Citigroup’s net interest income grew by 4% year-over-year, supported by contributions from USPB, Markets, Wealth, and Services, demonstrating the bank’s adaptability in a changing interest rate environment. Operating expenses declined by 5% to $13.4 billion, reflecting organizational simplification and productivity improvements, though partially offset by higher technology and communication costs, transformation-related professional fees, and increased advertising and marketing expenditures.

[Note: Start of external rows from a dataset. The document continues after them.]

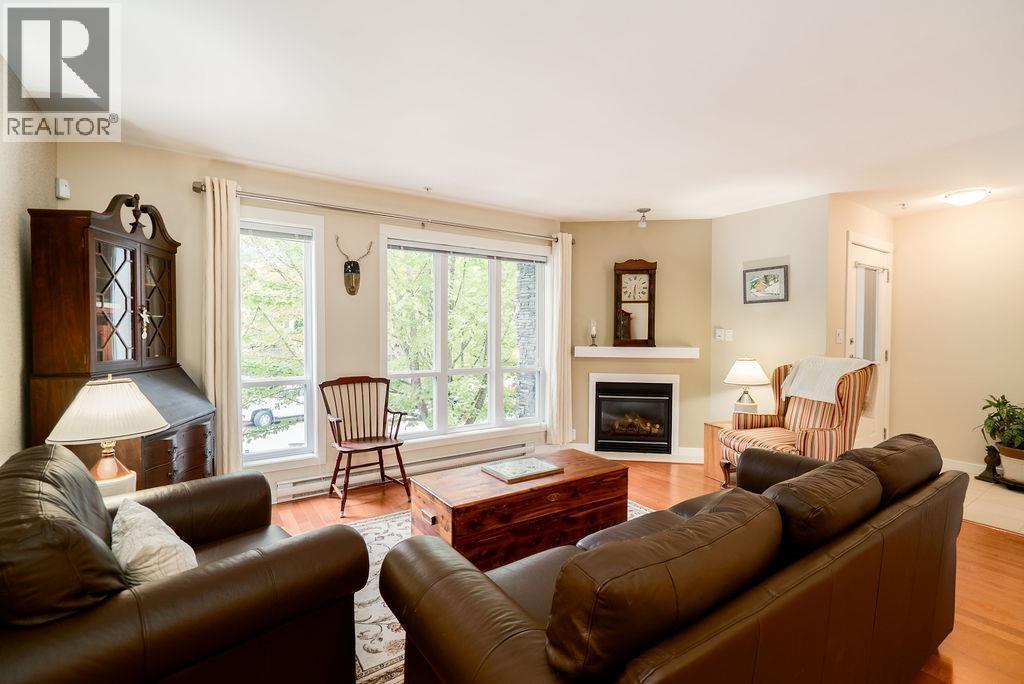 3 1233 Main Street, Squamish, British Columbia  V8B 0P7 - Photo 17 - R3057278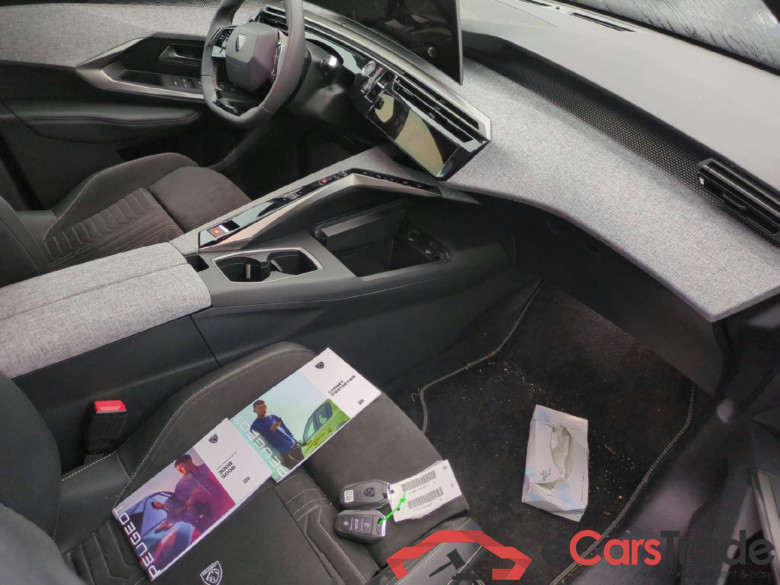 Peugeot 5008 GT Hybrid 145 ch e-DCS6 #3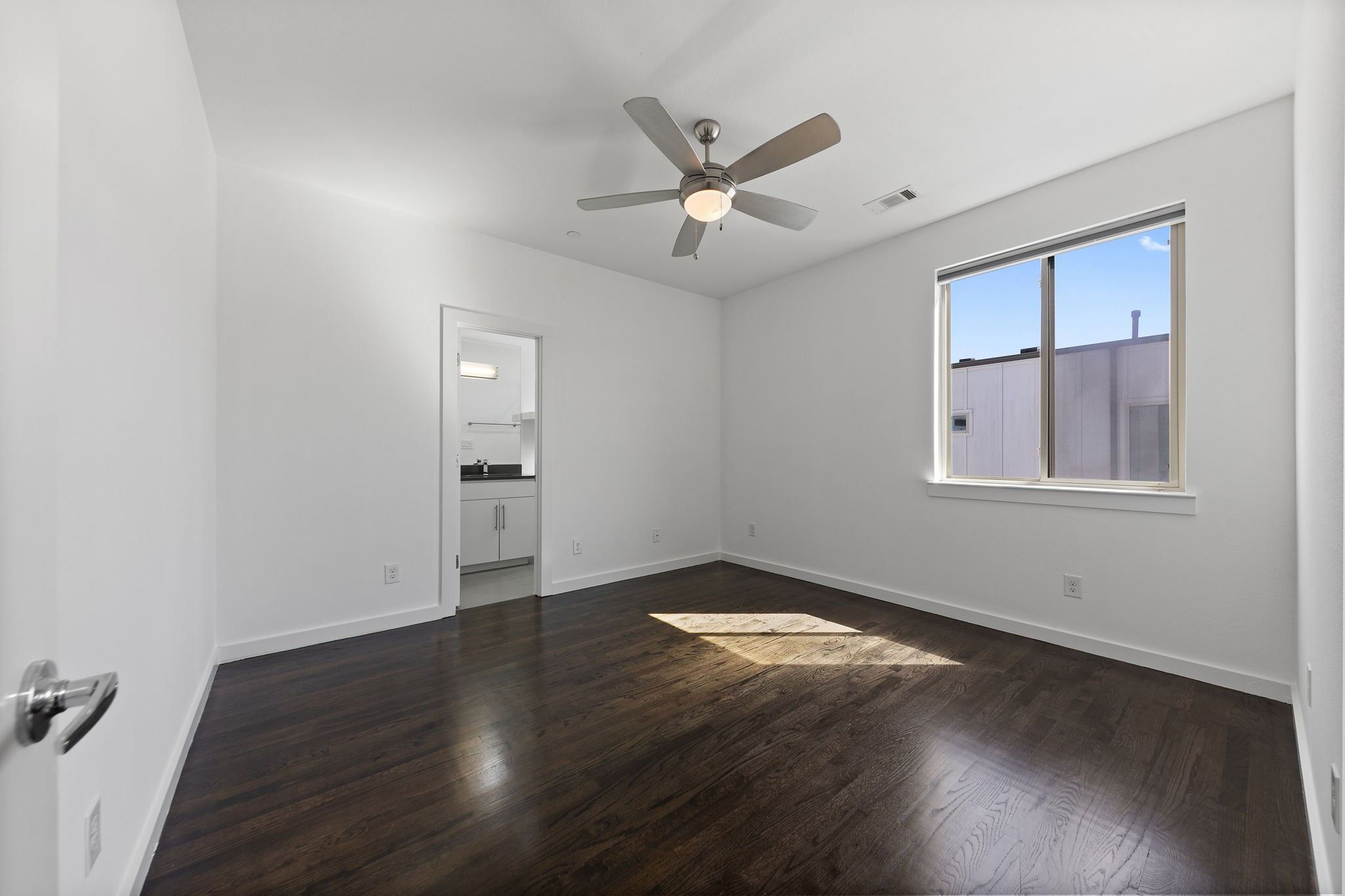 1915 Summit Avenue 2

Citigroup’s credit costs totaled $2.7 billion, up 15% year-over-year, due to higher loan loss reserves from a deteriorating macroeconomic outlook and increased net credit losses in the USPB card portfolio. As of quarter-end, Citigroup’s total loans stood at $702.1 billion, up 4% year-over-year, while deposits were approximately $1.3 trillion, up 1%. Tangible book value per share rose 6% to $91.52, reflecting the bank’s intrinsic value growth.



Citigroup’s preliminary CET1 capital ratio was 13.4%, slightly lower than the previous quarter’s 13.6% but well above regulatory requirements, providing a substantial capital buffer. During the quarter, Citigroup returned approximately $2.8 billion to common shareholders through dividends and share repurchases, including $1.75 billion in buybacks as part of its $20 billion repurchase program. Citigroup’s U.S. shares rose nearly 1% in pre-market trading.